#### Exercise goal
Please, from the entries below, transcribe exactly the lines that begin at the line with "Rock Most Trending" and end at the line with "Mapeamento na tecnologia de aplicação", without the pictures.

#### Record excerpts
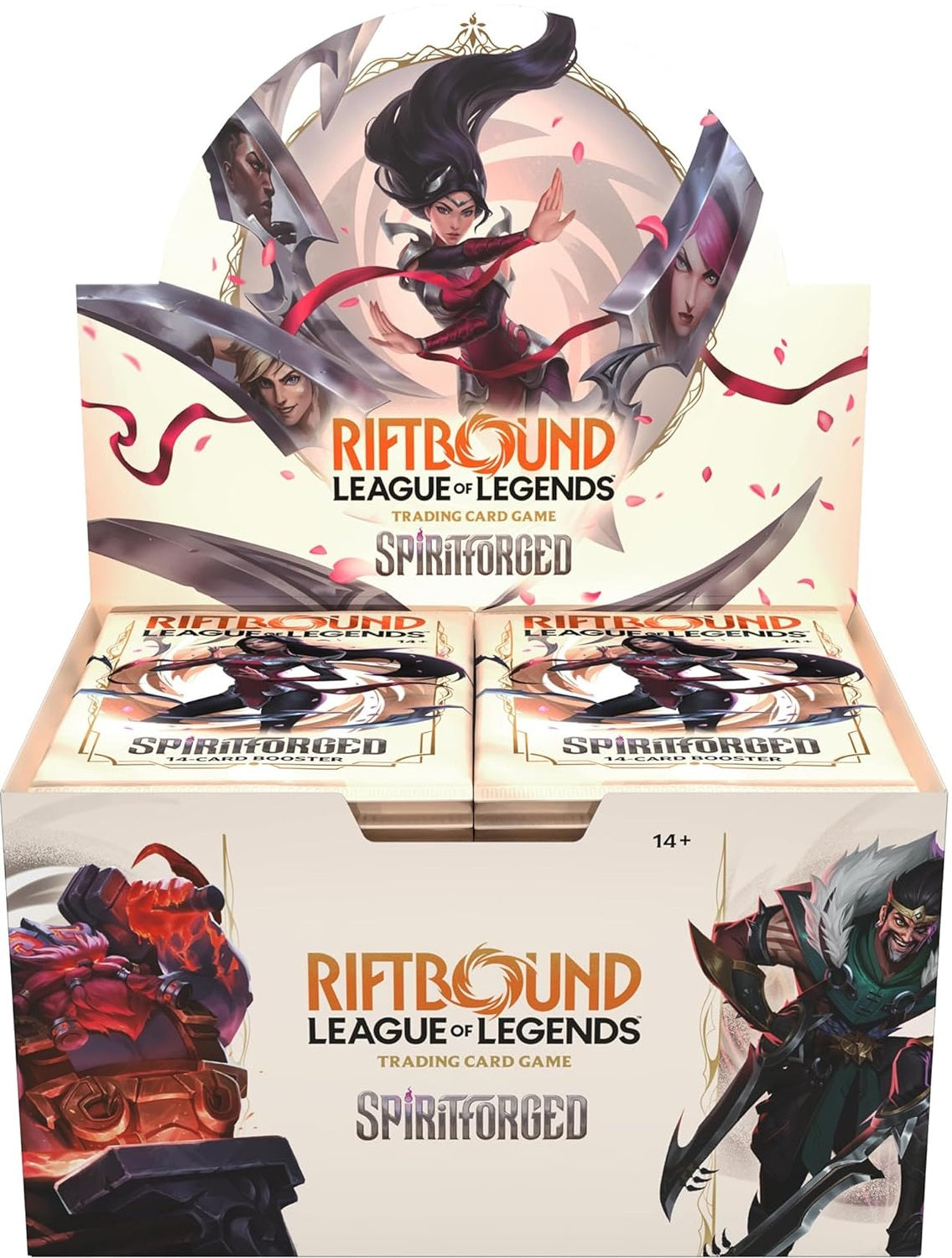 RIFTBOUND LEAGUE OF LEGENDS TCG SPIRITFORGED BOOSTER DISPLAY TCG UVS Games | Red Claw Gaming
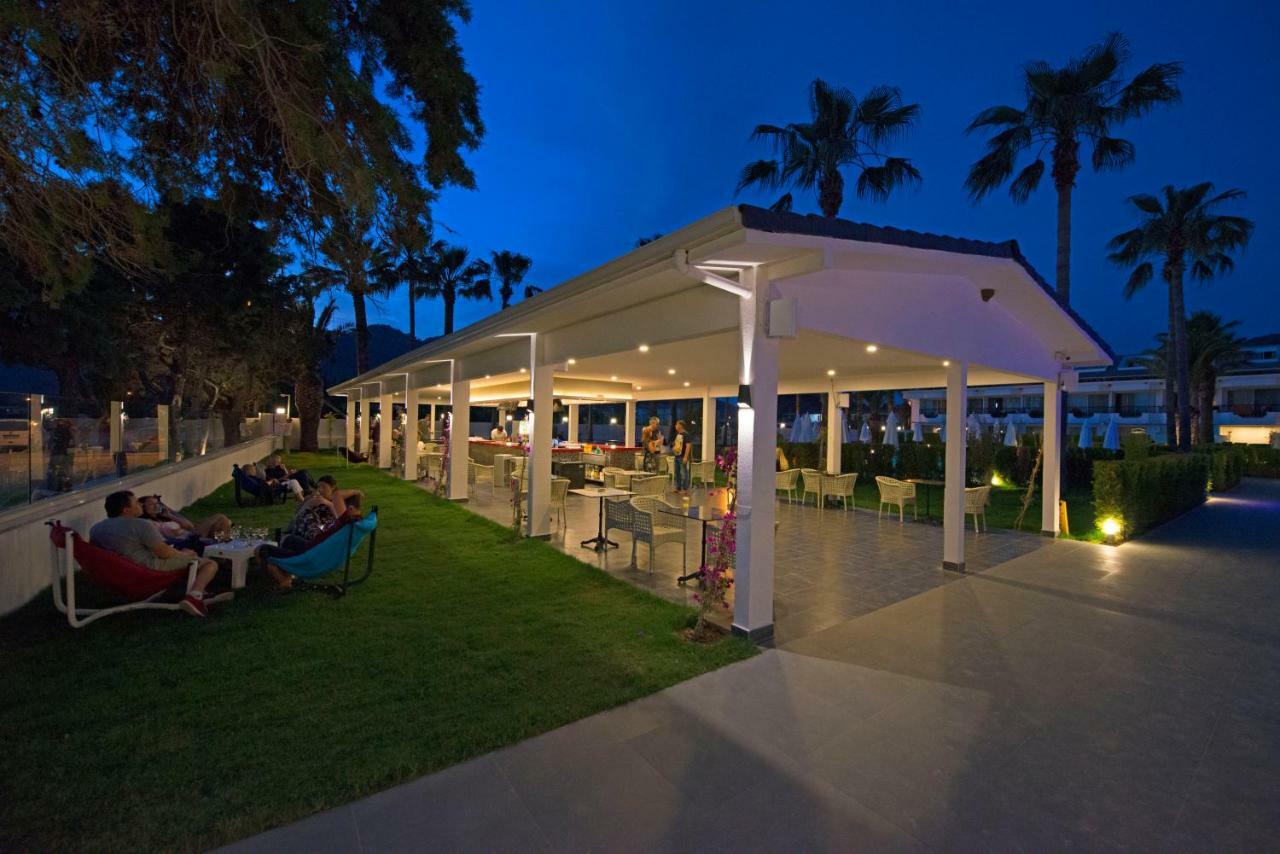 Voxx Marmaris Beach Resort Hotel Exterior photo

--

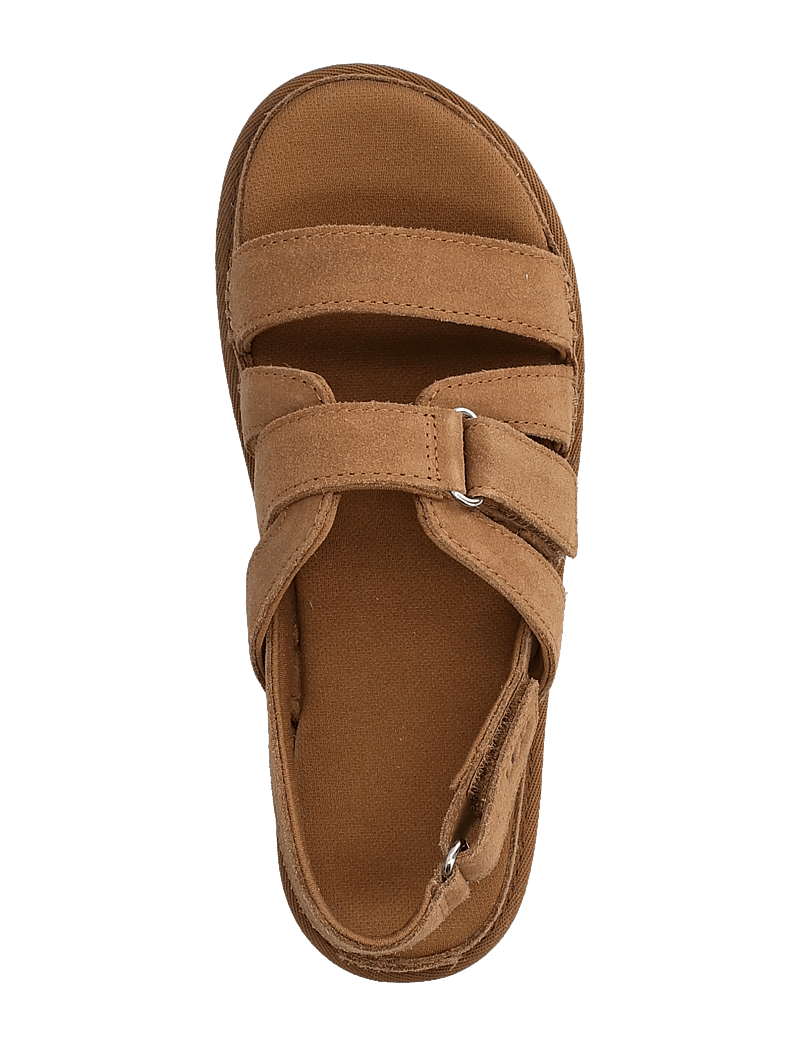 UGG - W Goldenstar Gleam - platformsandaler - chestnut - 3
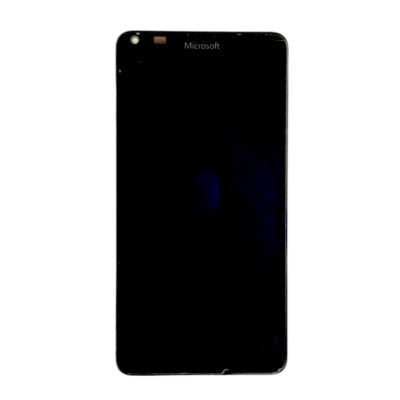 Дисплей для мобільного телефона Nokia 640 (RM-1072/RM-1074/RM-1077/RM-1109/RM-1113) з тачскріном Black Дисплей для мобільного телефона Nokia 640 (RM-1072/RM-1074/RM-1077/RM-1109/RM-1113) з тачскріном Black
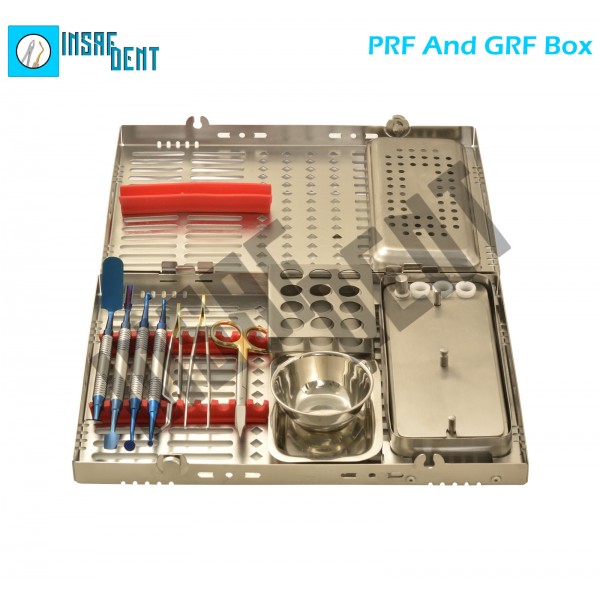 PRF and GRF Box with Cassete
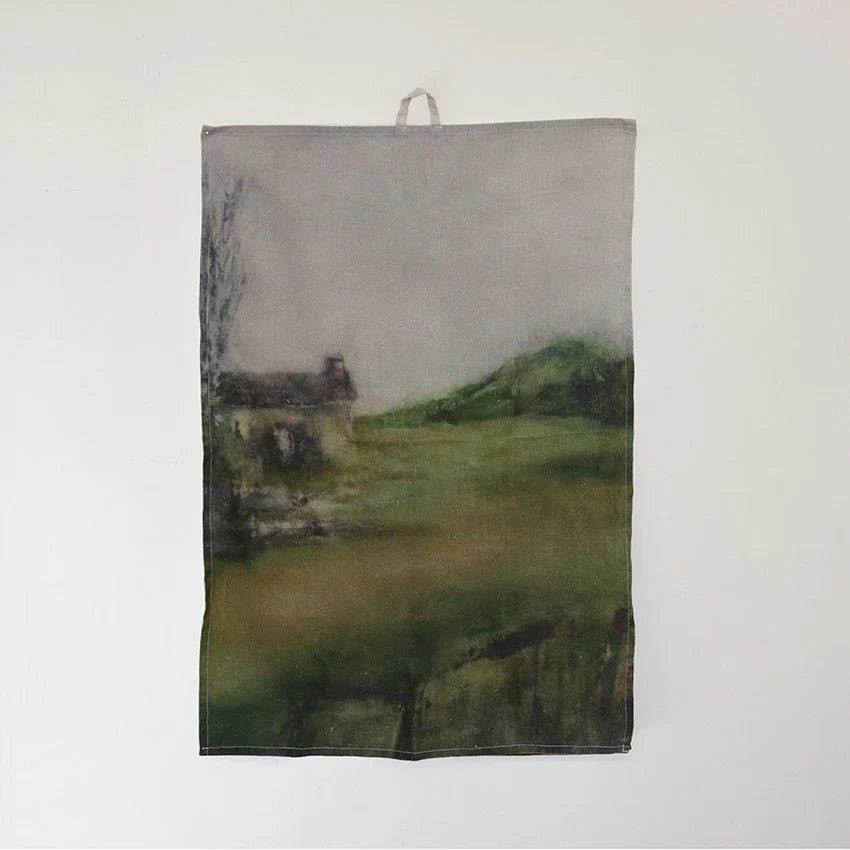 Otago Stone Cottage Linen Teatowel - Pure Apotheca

* * *

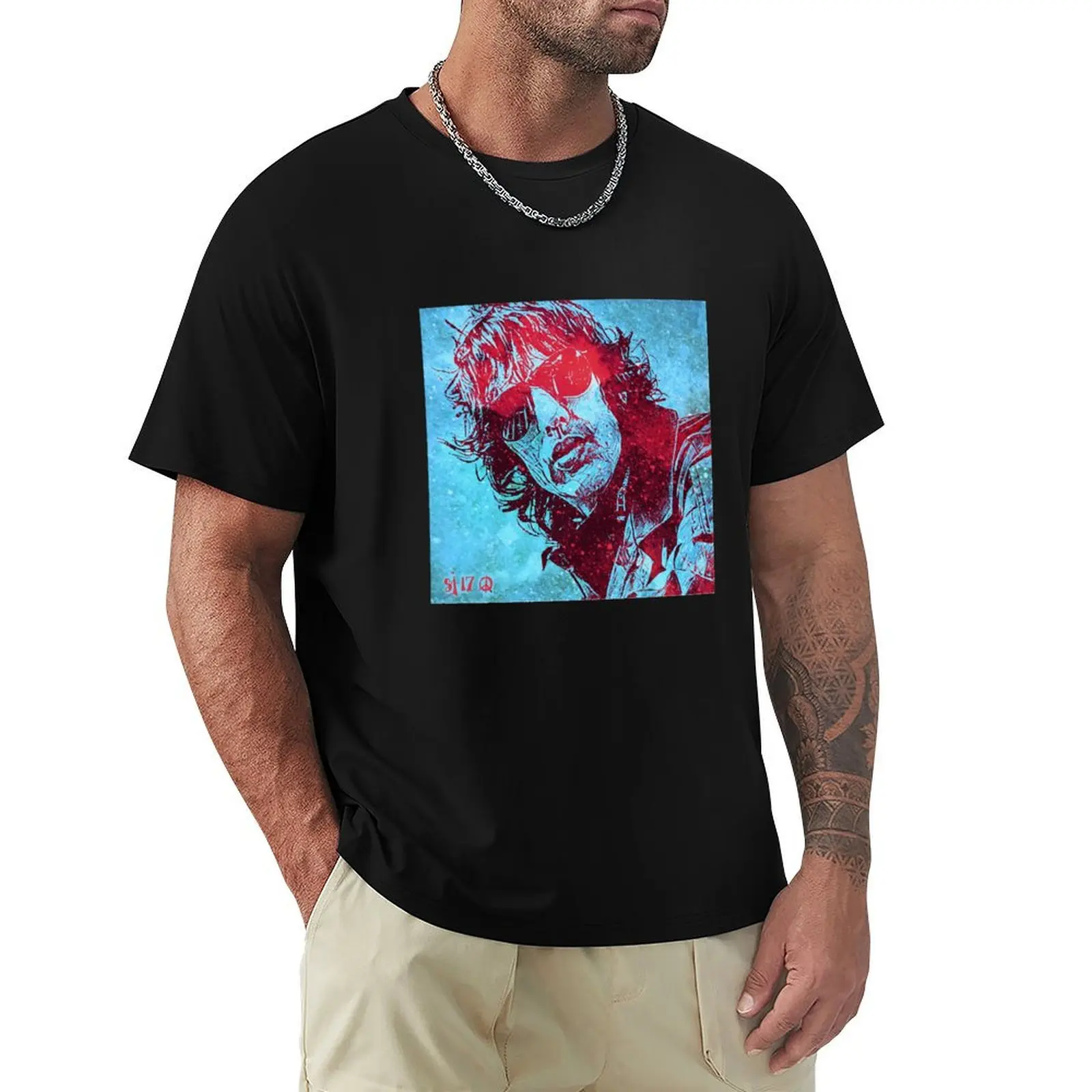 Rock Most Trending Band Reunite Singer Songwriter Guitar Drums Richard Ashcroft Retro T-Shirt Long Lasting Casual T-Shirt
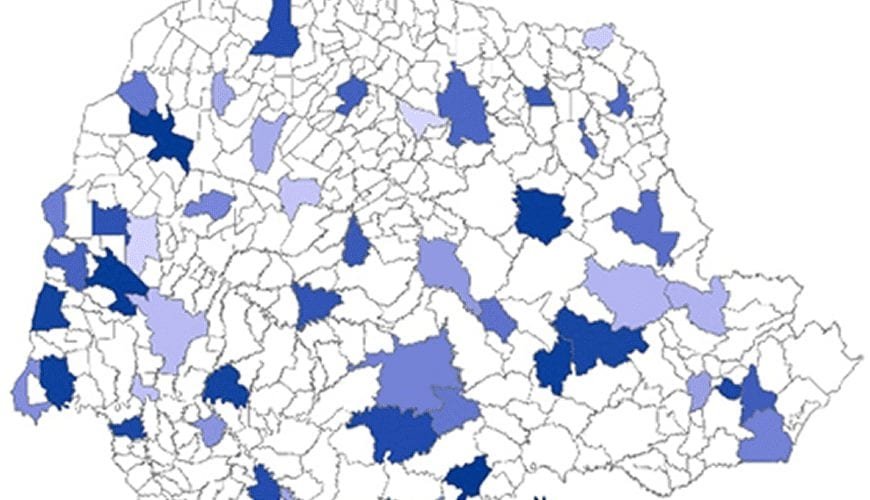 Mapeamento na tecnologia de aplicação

#### Answer space
 Rock Most Trending Band Reunite Singer Songwriter Guitar Drums Richard Ashcroft Retro T-Shirt Long Lasting Casual T-Shirt
 Mapeamento na tecnologia de aplicação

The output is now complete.